In the material below, find the line containing "UFC FIGHT NIGHT: EDGAR" and the line containing "TILAK(ティラック) TMG NOSHAQ MiG JACKET【MENS】". Output those two lines and all lines between them exactly, without pictures.
--- Raw data Enclosed Below ---
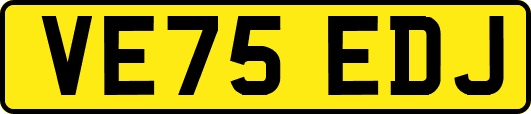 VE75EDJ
--- End of Enclosed Raw data ---
--- Raw data Enclosed Below ---
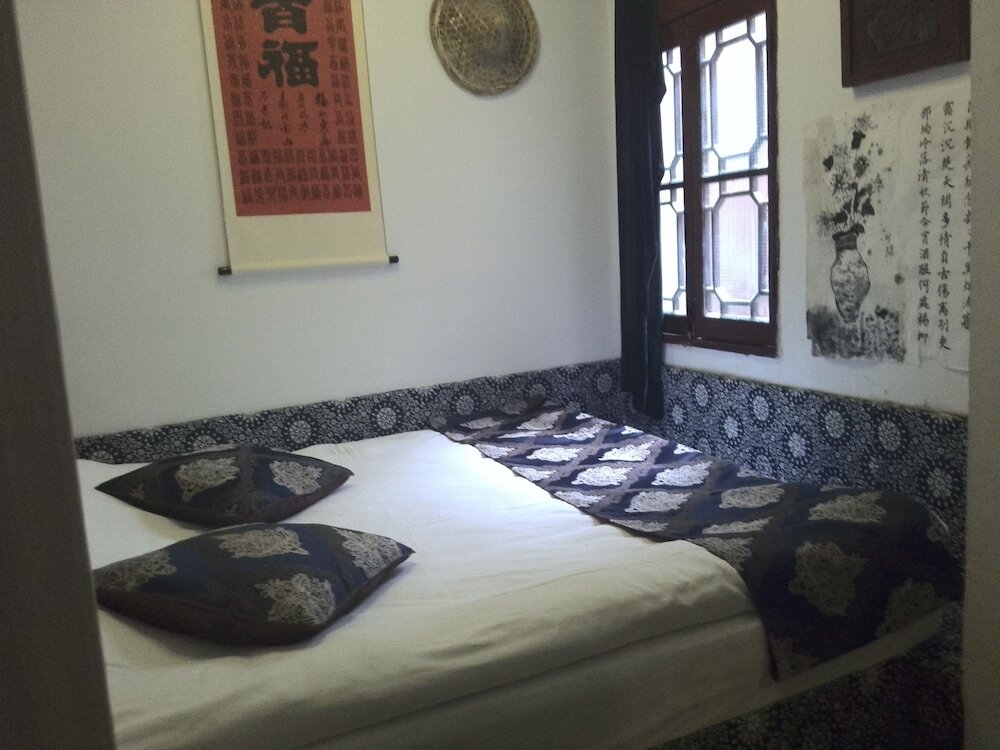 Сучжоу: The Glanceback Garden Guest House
--- End of Enclosed Raw data ---
--- Raw data Enclosed Below ---
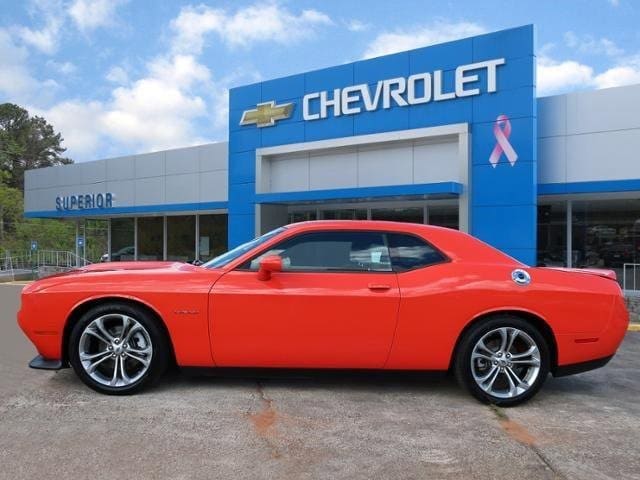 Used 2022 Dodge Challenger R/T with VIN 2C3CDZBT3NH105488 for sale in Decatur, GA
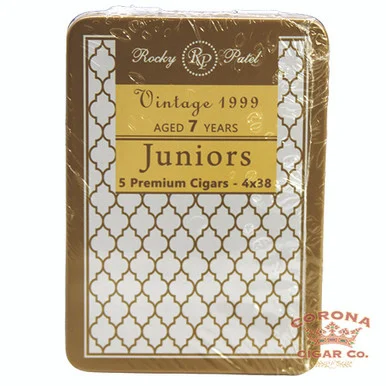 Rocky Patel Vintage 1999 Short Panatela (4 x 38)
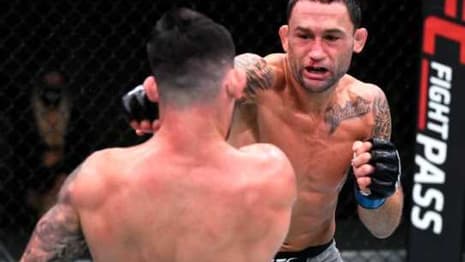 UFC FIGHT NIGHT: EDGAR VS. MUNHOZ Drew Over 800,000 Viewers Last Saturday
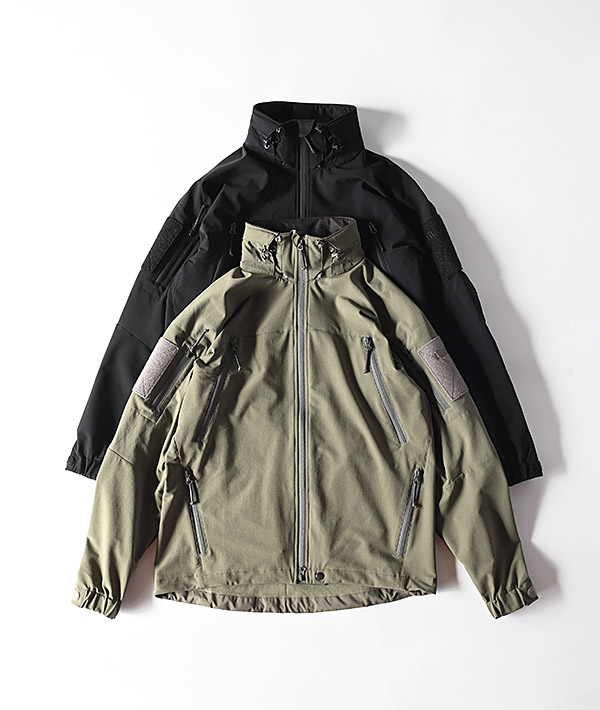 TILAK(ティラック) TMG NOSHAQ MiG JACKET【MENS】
--- End of Enclosed Raw data ---
Exercise result:
 UFC FIGHT NIGHT: EDGAR VS. MUNHOZ Drew Over 800,000 Viewers Last Saturday
 TILAK(ティラック) TMG NOSHAQ MiG JACKET【MENS】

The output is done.